Pertama peran orang tua. Dalam Islam tugas seorang ayah adalah memberi nafkah dan memimpin keluarga, dia yang akan bekerja keras untuk menghidupi anak dan istrinya, sehingga tugas perempuan sebagai ibu rumah tangga fokus menjadi Ummu wa rabbatul Bayt, mendidik dan menjadikan anak-anak berakhlakul Karimah yang baik.
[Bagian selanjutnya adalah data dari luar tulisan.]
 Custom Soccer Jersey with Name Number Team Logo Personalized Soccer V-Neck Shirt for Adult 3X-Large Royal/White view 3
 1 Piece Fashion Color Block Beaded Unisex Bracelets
Kedua peran masyarakat juga sangat berpengaruh dalam menciptakan lingkungan yang bebas dari perjinahan. Tugas masyarakat ialah memantau segala aktivitas dan melaporkannya kepada pemerintah jika terdapat pelanggaran terhadap hukum syara. Selain itu masyarakat juga berfungsi sebagai pengoreksi jalannya pemerintahan.

Namun masyarakat demikian sulit diciptakan dalam negara sekuler, sebab karateristik yang individualis dan memisahkan agama dari kehidupan membuat pola pikir mereka terhadap apa yang terjadi di sekitar adalah menyangkut perkara masing-masing pribadi, yang tidak boleh dicampuri, masyarakat ini hanya dapat terwujud dalam sistem pemerintahan Islam.
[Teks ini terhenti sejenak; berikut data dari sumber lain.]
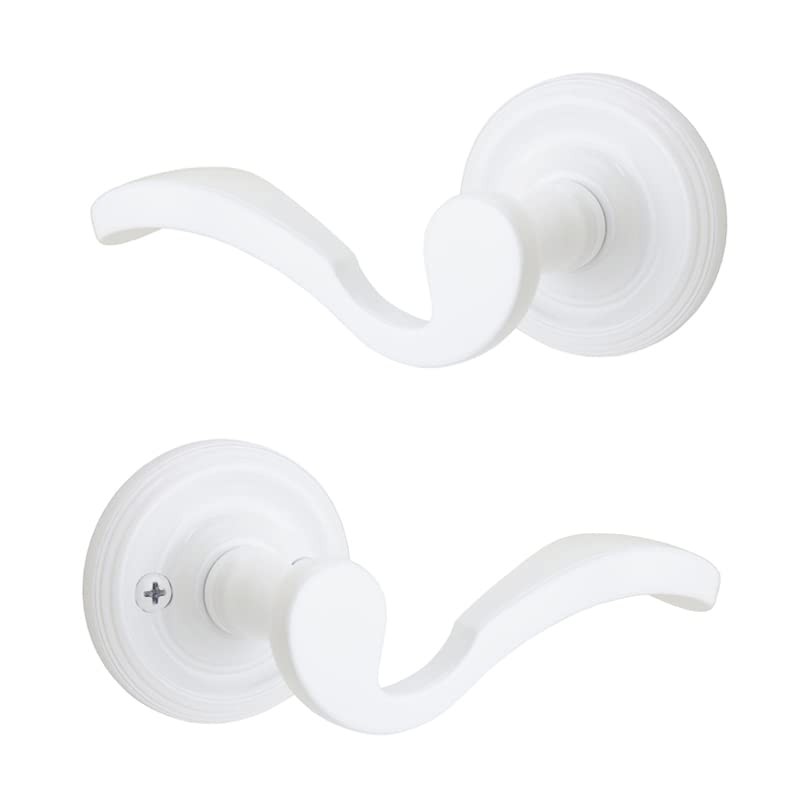 FPL Bordeaux Passage Left Hand Lever Set - White Powder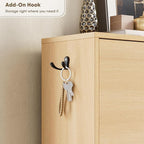 Nicetree Shoe Storage Cabinet with 2 Flip Drawers, Slim Shoe Cabinet, Hidden Shoe Rack Cabinet, Shoe Storage Cabinet for Entryway, Hallway, Foryer, Natural Oak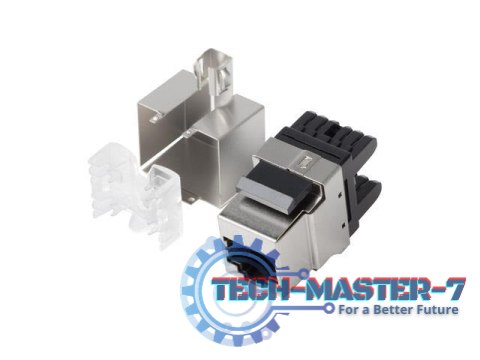 Moduł keystone gniazdo RJ45 - LSA FTP kat.6 180 stopni do puszki montażowej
Ketiga peran pemerintah sebagai periayah dan penegak hukum amatlah banyak, dalam upaya mewujudkan masyarakat yang damai, sejahtera, dan patuh terhadap hukum syara, melindungi anak dan perempuan dari jerat prostitusi dan aktivitas maksiat sejak dini adalah dengan mencari dan mengentaskan masalah dari akarnya.
Seperti halnya membuka lapangan pekerjaan untuk kaum laki-laki sehingga tugas laki-laki dan perempuan tetap berjalan pada fitrahnya masing-masing, selain itu juga pemerintah wajib menyediakan pendidikan gratis bagi siapa saja yang ingin belajar agar tak ada lagi alasan anak putus sekolah karena mahalnya biaya. 

Dengan adanya pendidikan gratis hak warga negara dalam memperoleh pendidikan akan terpenuhi, selain itu setiap anak akan terhindar dari aktivitas maksiat dan kemungkinan dari terjadinya tindak prostitusi terhadap anak akibat pergaulan dan lingkungan yang tidak baik.
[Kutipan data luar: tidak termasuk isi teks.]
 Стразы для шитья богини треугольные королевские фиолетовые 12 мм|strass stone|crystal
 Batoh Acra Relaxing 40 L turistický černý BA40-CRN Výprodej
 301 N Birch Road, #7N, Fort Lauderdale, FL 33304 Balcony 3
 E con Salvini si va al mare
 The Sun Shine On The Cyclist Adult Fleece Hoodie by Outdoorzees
Negara sebagai penegak hukum juga wajib memberantas dan menyetop setiap aktivitas yang berkaitan dengan prostitusi, sex bebas, dan ataupun situs-situs yang mengandung g unsur pornografi. Melakukan hukuman tegas bagi setiap pelakunya dengan hukuman yang bisa membuat efek jera, dengan begitu negara akan terhindar dari praktek perzinahan dan terwujudlah negara yang Baldathun thoyibun wa rabbun Ghafur.

Kendati demikian semua tidak akan terwujud di dalam negara sekuler, yang memisahkan antara agama dan kehidupan. Al-Ghazali, At-Tibr al-Masbûk fî Nashîhah al-Mulk berkata “Agama dan kekuasaan itu ibarat dua saudara kembar, seperti dua saudara yang lahir dari satu perut yang sama". 

Maka jelaslah hanya dalam pemerintahan Islam yang menjadikan agama sebagai peraturan dan jalan hidup yang bisa mengentaskan berbagai problematika kehidupan. Semua itu karena aturannya berasal dari sang mudabir yang maha tahu atas segala ciptaannya.